Con todo lo terrible que fue esta guerra, como creyentes estamos inmersos en un conflicto mucho más fiero, pues se trata de una guerra permanente, de alcance universal, y donde los derrotados resultan condenados por toda la eternidad.

Una lección que nos deja el caso de Polonia, es que enfrentar a un enemigo sin estar preparado y sin las armas adecuadas, es derrota es segura.
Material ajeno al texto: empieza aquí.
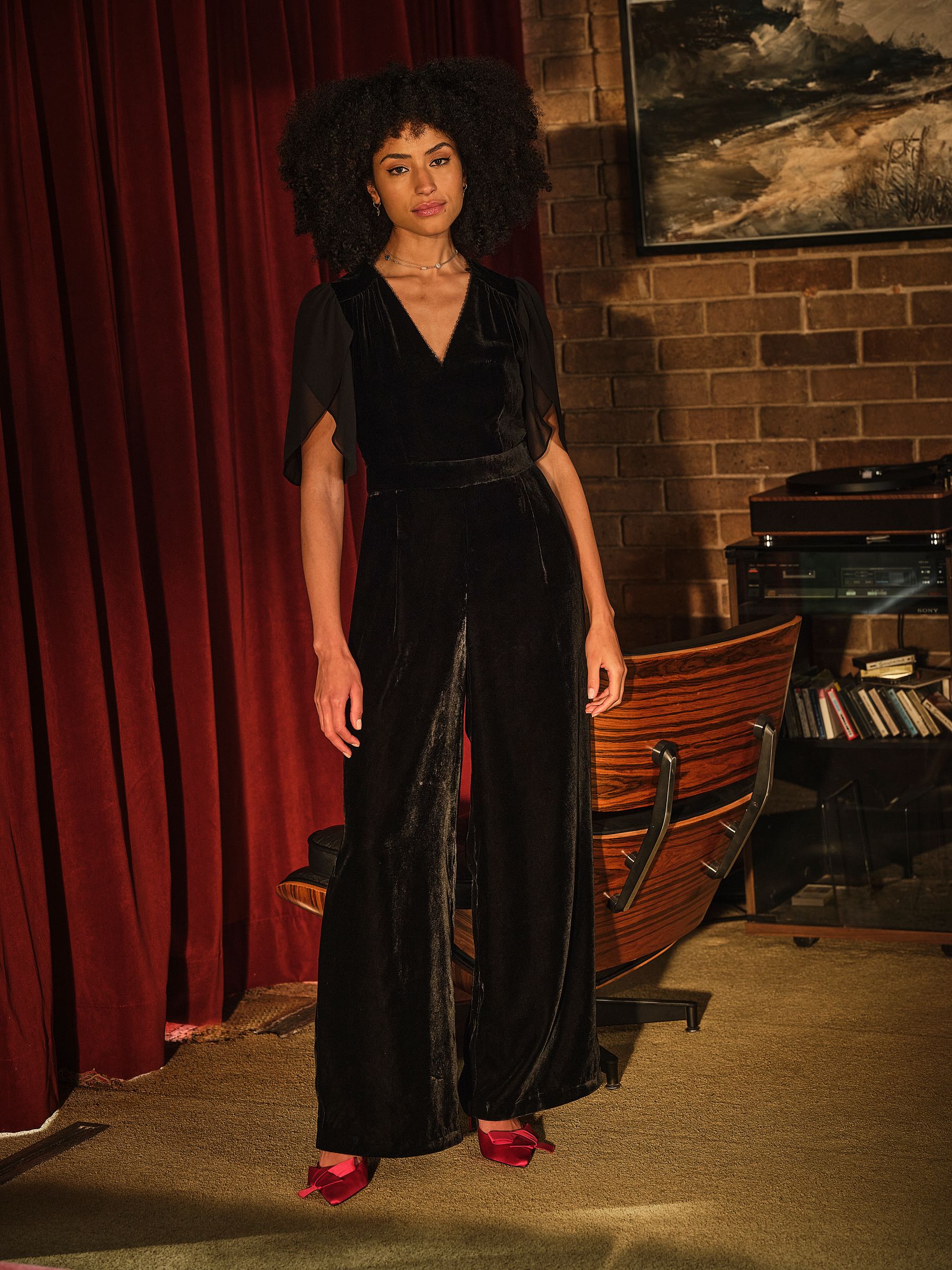 Black Opal Velvet Jumpsuit - Image 1 of 6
Por lo mismo, hoy nos entregaremos a ver i) la naturaleza de nuestra lucha, ii) nuestras armas para la batalla y iii) nuestra necesidad de depender permanentemente del poder de Dios.

 
I.Nuestra lucha

Para comprender este pasaje, debemos considerar que anteriormente en esta epístola, explicó que fuimos predestinados en Cristo para salvación desde antes de la fundación del mundo, expuso la salvación por gracia por medio de la fe y el llamado a los gentiles a la salvación en un mismo pueblo con los judíos creyentes, siendo este el misterio de Cristo revelado en los últimos tiempos.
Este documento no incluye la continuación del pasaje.